1. Field of the Invention
The present disclosure relates generally to medium access control with power management methods and systems, and, more particularly to methods and systems for use in an ad hoc wireless network, where stations can transmit data accurately when operating in the power saving mode.
2. Description of the Related Art
Currently, the IEEE 802.11 is the most popular international medium access control (MAC) standard for WLANs (Wireless Local Area Networks). Based on the network architecture, wireless networks can be approximately divided two classes: infrastructure WLANs and ad hoc networks. FIG. 1 is a schematic diagram illustrating an ad hoc network. As shown in FIG. 1, each station (110, 120, 130, 140 and 150) can dynamically communicate with adjacent stations for data transmissions.
FIG. 2 is a schematic diagram illustrating a power consumption model for a general wireless network interface card (or adapter). Each station can stay in one of the transmission, reception, listen, or doze states. As shown in FIG. 2, the power consumption is approximately between 1.6 W to 1.2 W when the station stays in either the transmission, reception, or listen states, but is close to zero when staying in the doze state. In IEEE 802.11 power management for ad hoc networks, time is divided into fixed-sized BIs (Beacon Intervals), each of which contains an ATIM (Announcement Traffic Indication Message) window. Each station in a power saving mode (or called “power-saving station) must wake up at the beginning of each BI and remain awake in the ATIM window, awaiting the ATIM frame from other stations. If no ATIM frame is received in the ATIM window, then that station may enter the doze state after the ATIM window ends. If an ATIM frame is received in the ATIM window, then the station should reply the ATIM ACK (Acknowledgement) to the station transmitting the ATIM frame, and remains awake after the ATIM window ends. After the end of the ATIM window, the station which sending ATIM frames should use the DCF (distributed coordination function) procedure to transmit the buffered data frames to its intended destination, and the destination should acknowledge its receipt. For a more detailed presentation, please refer to IEEE 802.11 specification.
FIG. 3 is a schematic diagram illustrating an example of power management in an ad hoc network based on IEEE 802.11. As shown in FIG. 3, when a BI 1 begins (the timing is referred to as TBTT (Target Beacon Transmission Time)), stations X and Y compete to transmit a beacon frame for timing synchronization. It is understood that, in the example of FIG. 3, station X transmits a beacon frame for timing synchronization between stations comprising station X in the network. Since no ATIM frame is received in the ATIM window (AW for short), both stations X and Y enter the doze state (S) after the AW ends. BI 2 begins, and station X successfully transmits a beacon frame. Since station X receives an ATIM frame A from station Y in the AW of BI 2, station X returns a ATIM ACK a to station Y, and remains awake after the AW ends. After the AW ends, station Y can transmit a data frame D to station X, and station X returns a data ACK d to station Y after receiving the data frame D.

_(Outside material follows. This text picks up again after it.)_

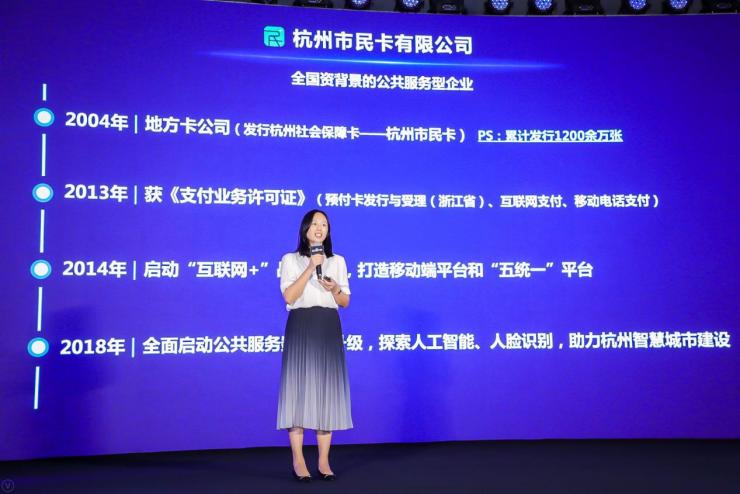 杭州小伙伴去醫(yī)院都刷臉了！ 百度大腦賦能下的杭州市民卡還能這么玩？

As described, in IEEE 802.11, each station in power saving mode must wake up in the ATIM window of “every” BI even if its battery power is low or there is no traffic for it. Hence we hope that each a power saving station can dynamically tune its listen interval (the number of BIs between two adjoining AWs) according to the remaining battery power status or other QoS considerations. Obviously, the value of LI is fixed at “one” in IEEE 802.11. In the invention, the LI of a power saving station can be adjusted according to parameters of quality of service or the remaining power of the station, substantially reducing power consumption on station.